BRIEF DESCRIPTION OF THE DRAWINGS

[0010] FIG. 1 is a functional block diagram depicting aspects of a system for providing contextually relevant information to a user;

[0011] FIG. 2 is a block diagram depicting components of a system in accordance with embodiments of the present invention;

[0012] FIG. 3 depicts an exemplary device display in accordance with embodiments of the present invention; and

[0013] FIG. 4 is a flowchart depicting aspects of the operation of a system in accordance with embodiments of the present invention.

DETAILED DESCRIPTION

[0014] The present invention provides a system and method for providing relevant information to a user in connection with a real time voice communication. More particularly, a current context that is relevant to the user is determined. This relevant context is associated with keywords. Automatic speech recognition (ASR) is applied to a voice communication session associated with the user, with the identified keywords providing a watch list. In response to the detection of a word in the watch list, information is presented to the user. This information is relevant to the determined context and/or to the detected word. The information can be in the form of a document or other data, or can provide or reconfigure an input that can be selected by the user to establish a connection to a source of information, such as an expert or other individual.

[0015] FIG. 1 is a functional block diagram depicting aspects of a system 100 for providing contextually relevant information to a user 104 in accordance with embodiments of the present invention. The system 100 includes a user device 108 with which the user 104 interacts. A context engine 112 is provided that operates to determine a context relevant to the user 104 from information available through or in association with the user device 108. Information providing a relevant context can include information stored in a personal information manager associated with the user 104, keystrokes or other input entered at the user device 108, information viewed through the user device 108, or the like.

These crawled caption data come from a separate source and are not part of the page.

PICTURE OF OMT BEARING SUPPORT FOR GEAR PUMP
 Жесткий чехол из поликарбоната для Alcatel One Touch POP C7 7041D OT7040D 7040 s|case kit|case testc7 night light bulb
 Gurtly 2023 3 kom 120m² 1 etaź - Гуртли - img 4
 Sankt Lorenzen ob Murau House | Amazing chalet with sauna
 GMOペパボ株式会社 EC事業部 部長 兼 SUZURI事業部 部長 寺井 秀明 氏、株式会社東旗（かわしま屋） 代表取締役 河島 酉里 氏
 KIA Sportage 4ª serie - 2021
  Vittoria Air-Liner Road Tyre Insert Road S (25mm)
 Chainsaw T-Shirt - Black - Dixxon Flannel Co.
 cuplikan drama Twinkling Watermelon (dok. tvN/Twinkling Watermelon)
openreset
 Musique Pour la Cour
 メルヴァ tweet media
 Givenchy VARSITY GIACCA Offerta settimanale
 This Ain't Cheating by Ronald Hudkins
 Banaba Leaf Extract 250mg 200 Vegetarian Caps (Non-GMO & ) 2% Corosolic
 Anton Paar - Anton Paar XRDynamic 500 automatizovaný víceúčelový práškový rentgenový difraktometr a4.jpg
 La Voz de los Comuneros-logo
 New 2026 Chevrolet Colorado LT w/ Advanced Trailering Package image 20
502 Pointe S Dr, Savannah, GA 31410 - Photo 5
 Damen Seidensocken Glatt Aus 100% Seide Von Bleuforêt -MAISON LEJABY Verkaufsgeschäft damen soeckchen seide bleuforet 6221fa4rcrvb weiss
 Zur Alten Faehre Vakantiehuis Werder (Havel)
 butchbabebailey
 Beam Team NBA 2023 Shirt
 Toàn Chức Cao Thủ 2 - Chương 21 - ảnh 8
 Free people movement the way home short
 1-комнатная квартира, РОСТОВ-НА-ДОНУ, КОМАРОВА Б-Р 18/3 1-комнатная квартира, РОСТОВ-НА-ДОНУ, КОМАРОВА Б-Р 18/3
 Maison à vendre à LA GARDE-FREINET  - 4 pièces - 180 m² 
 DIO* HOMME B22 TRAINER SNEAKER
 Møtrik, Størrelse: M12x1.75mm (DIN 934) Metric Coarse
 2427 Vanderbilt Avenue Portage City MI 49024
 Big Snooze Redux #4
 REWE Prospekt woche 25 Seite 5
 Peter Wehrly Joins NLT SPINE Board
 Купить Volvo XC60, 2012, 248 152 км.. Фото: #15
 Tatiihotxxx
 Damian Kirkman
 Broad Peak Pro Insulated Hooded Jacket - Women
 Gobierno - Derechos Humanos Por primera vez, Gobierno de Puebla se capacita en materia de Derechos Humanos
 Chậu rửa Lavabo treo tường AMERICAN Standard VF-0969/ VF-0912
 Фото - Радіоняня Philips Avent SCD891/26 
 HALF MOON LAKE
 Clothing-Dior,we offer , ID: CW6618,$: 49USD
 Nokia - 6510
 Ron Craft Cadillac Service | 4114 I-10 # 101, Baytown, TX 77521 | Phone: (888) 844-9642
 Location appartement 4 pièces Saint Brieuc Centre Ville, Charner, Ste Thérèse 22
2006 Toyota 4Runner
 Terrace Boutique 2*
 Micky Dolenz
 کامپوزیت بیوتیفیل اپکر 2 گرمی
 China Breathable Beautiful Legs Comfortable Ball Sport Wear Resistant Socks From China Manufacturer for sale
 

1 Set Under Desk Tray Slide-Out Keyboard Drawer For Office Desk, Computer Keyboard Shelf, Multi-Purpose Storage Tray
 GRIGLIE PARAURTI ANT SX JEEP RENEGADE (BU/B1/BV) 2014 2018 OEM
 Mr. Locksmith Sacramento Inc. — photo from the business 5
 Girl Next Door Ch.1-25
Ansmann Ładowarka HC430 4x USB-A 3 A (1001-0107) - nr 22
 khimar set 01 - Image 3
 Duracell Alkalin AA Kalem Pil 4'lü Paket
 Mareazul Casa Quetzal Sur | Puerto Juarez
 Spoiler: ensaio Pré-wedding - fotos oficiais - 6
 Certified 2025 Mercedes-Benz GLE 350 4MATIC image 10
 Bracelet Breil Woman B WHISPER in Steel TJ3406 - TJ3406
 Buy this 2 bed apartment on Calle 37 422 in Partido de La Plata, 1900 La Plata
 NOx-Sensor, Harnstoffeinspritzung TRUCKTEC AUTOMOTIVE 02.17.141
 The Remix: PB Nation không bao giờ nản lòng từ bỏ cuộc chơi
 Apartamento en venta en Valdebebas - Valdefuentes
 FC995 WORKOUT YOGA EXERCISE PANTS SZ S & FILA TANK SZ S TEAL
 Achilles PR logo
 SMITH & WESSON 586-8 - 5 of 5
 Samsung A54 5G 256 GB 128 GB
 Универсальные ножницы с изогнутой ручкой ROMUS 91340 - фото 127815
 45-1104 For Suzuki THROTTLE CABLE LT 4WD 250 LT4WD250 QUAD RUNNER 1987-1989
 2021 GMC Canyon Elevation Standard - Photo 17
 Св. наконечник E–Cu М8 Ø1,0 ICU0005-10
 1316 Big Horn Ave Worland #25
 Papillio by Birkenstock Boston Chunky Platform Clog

[0016] In addition to collecting context information, the context engine 112 can analyze that information to identify relevant keywords. The identified keywords can be provided by the context engine 112 to an automatic speech recognition (ASR) engine 116. In particular, the ASR engine 116 can use the words provided by the context engine 112 as a watch list. Specifically, speech input associated with the user 104 can be provided to the ASR engine 116. The ASR engine 116 may then monitor a voice data stream for words on the watch list. In response to detecting a word in the watch list, the ASR engine 116 may notify the context engine 112. Such notification can include an identification of the particular word that has been identified.

[0017] The context engine 112 can provide information to the user device 108 in response to the identified word. The information can be provided in various forms, including as links to files, web pages, contacts or other sources of information. The information provided by the context engine to the user device 108 can be obtained from or can be determined at least in part by referencing an associated database 120.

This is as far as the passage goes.